Regardless of the reasons, de novo cholesterol synthesis appears to be a prerequisite for tumor cell growth. HMGCoA reductase activity is about ten times greater in cancer cells as compared to normal cells. Abnormalities in biosynthetic regulation of lipids, especially cholesterol, are early events in tumorgenesis and are the basis for many phenotypic variations such as membrane fluidity, ion permeability, substrate transport and the activities and affinities of membrane bound enzymes and receptors.
Metastasis occurs when a tumor invades surrounding tissue and/or spreads throughout the body to begin new tumors at distant sites. Elevated cholesterol levels are associated with a number of invasive tumors. Survival rate is high for those with localized malignancy and very low for individuals when metastasis has occurred. Tumor cells are often surrounded by microvesicles. Van Blitterswijk et al. Bio Chem. Bio Phys. Acta. 467:309 (1974) propose that budding and shedding of these cell surface microvesicle projections occurs at plasma membrane loci that are more rigid then normal and cholesterol enriched. Besides having a role in meeting the nutritional needs of the proliferating cell, or serving as a source of excess membrane for cell division it has been proposed that these vesicles form a target for post immune response thus overloading the immune system and diverting the response from destroying the tumor cell. The shedding of these tumor vesicles may very well have a primary role in metastasis.

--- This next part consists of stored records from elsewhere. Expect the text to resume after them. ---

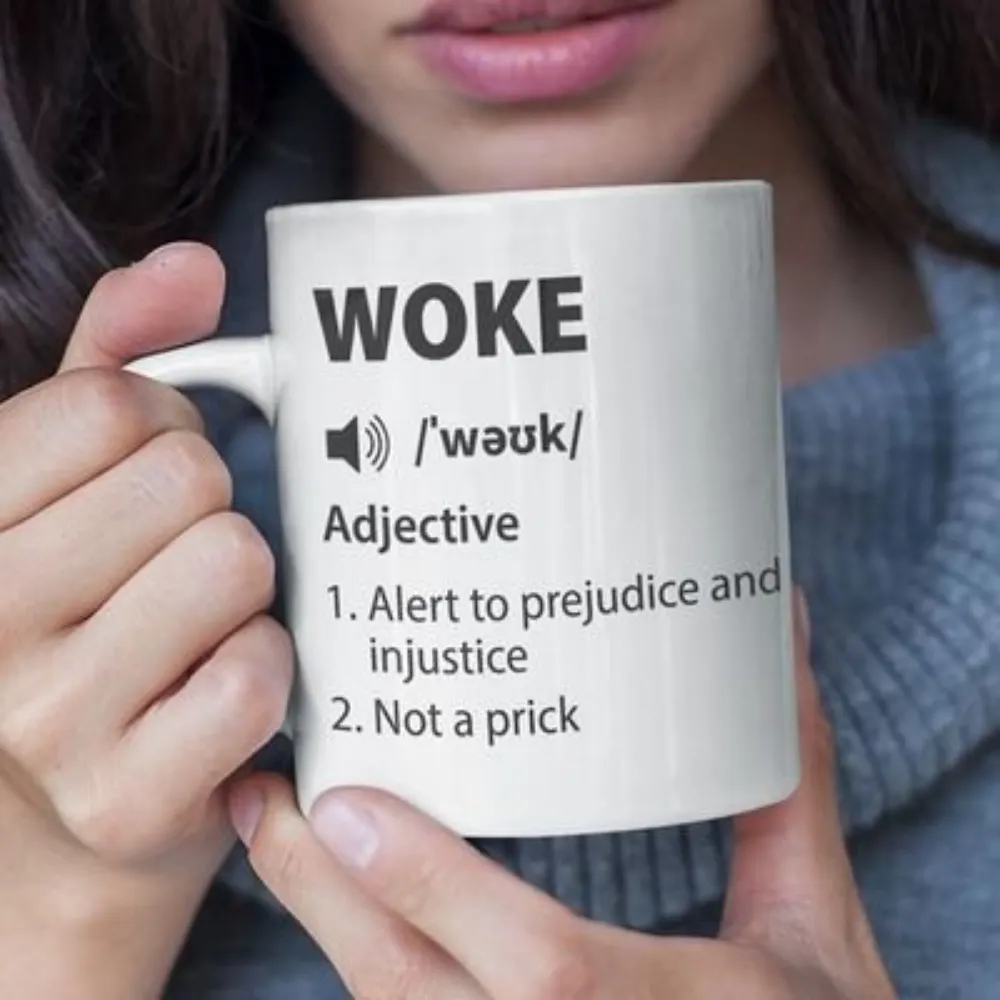 debsnoise.bsky.social's profile picture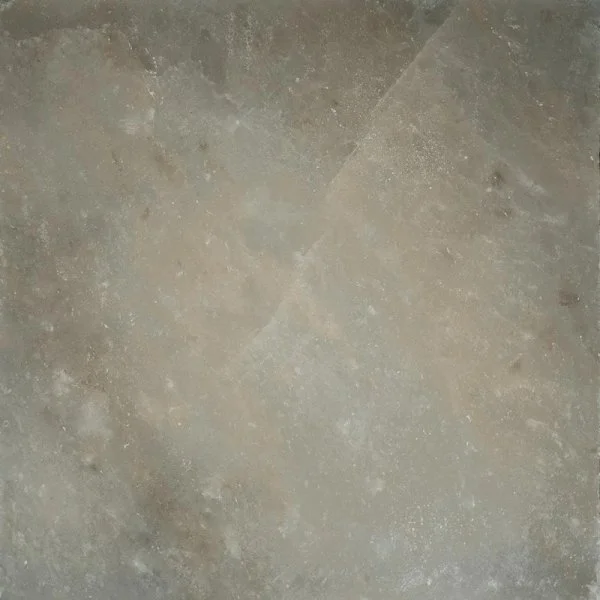 Керамогранит Coliseum Ривьера Дарк 60х60 (Натуральный и Реттифицированный) в Саратове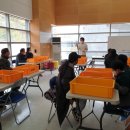 합천박물관 이미지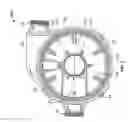 Fig. 04 - Gas-evacuating filter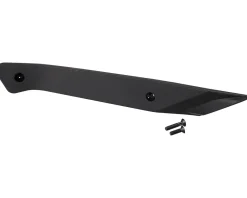 Specialized Cables & Housing|2021+ Stumpjumper Alloy Sidearm Cable Guide Kit (w/Bolts)
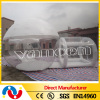Clear inflatable tent inflatable bubble camping tent for sale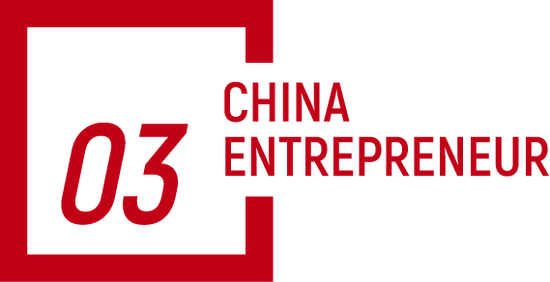 黄仁勋是如何管理万亿英伟达的
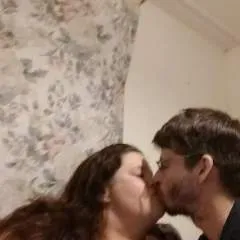 Justthe2ofus photo on Jungo Live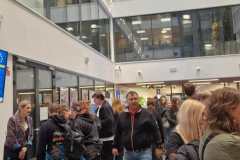 IMG-20261027-WA0004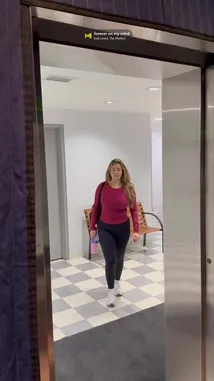 Justine (@justine.bean) | Snapchat Stories, Spotlight & Lenses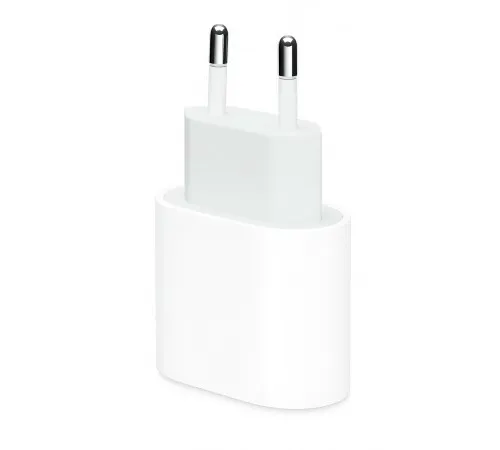 Сетевое зарядное устройство Apple MUVV3ZM/A Сетевое зарядное устройство Apple MUVV3ZM/A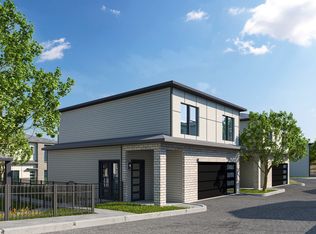 23609 Canyon Golf Rd #PHASE 1-409, San Antonio, TX 78258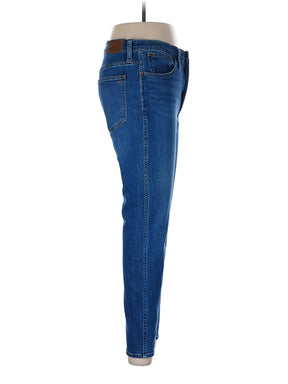 3 waist size - 30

Japanese epidemeological studies (R.K. Cameron, et al., Grann., 69:679 (1981) have reported that people who drink milk had the lowest incidence of stomach cancer, the major form of cancer in Japan. Other studies have shown a similar response for colon cancer in the American population. Inhibition of tumor cell proliferation in animal models has been reported by the use of fermented dairy products. This response has been attributed to a product of the fermentating microorganisms. (G.W. Reddy, et al., J. Nat'l. Cancer Inst., 50:815 (1973); E.P.C. Esser, et al., Milchwissenschaft, 838:257 (1983); A.D. Ayebo, et. al., J. Dairy Sci., 64:2318 (1981); L.A. Schackelford, et al., Nutrition and Cancer, 5:159 (1983); K.M. Shahani, et al., J. Food Prot., 46:385 (1983)).

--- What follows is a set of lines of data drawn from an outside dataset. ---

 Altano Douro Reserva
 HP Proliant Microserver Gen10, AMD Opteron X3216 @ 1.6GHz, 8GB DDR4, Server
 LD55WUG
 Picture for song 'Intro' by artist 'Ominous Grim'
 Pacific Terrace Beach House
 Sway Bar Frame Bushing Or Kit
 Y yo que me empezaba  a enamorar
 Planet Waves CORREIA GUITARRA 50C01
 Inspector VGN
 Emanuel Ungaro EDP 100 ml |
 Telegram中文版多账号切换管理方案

Skim milk contains two cholesterogenic inhibitors. One of these is orotic acid (OA) which inhibits acetoacyl CoA thiolase, the second enzyme in the cholesterol biosynthetic pathway and a second inhibitor IMIC (Inhibitor of Mevalonate Incorporation into Cholesterol) which prevents squalene synthetase from catalyzing the formation of squalene along the cholesterol biosynthetic pathway, (A.A. Ahmed, et al., Atherosclerosis, 32:347 (1979); B.J. Dull, et al., Atherosclerosis, 49:231 (1983); C.M. Papa, Milchwissenschaft, 37:257 (1982) all of which are herein incorporated by reference). Surprisingly, it has been found that since IMIC exerts its action for supressing cholesterol genesis at a site other than the normal rate-limiting enzyme, its use in tumor systems was shown to circumvent the adaptive inhibition of feedback in neoplastic cells. By preventing the mandatory requirement of cholesterol synthesis in the neoplastic cell, the growth of the tumor is supressed. Since endogenous synthesis of cholesterol is universally required in neoplastic cells for their survival, IMIC can be employed as an antineoplastic agent against virtually any neoplastic disease and is therefore applicable in the treatment of all cancers including for example, leukemias, bronchogenic carcinoma of the lung, adenocarcinomas of the colon and rectum, astrocytomas, melanomas and mammary carcinomas.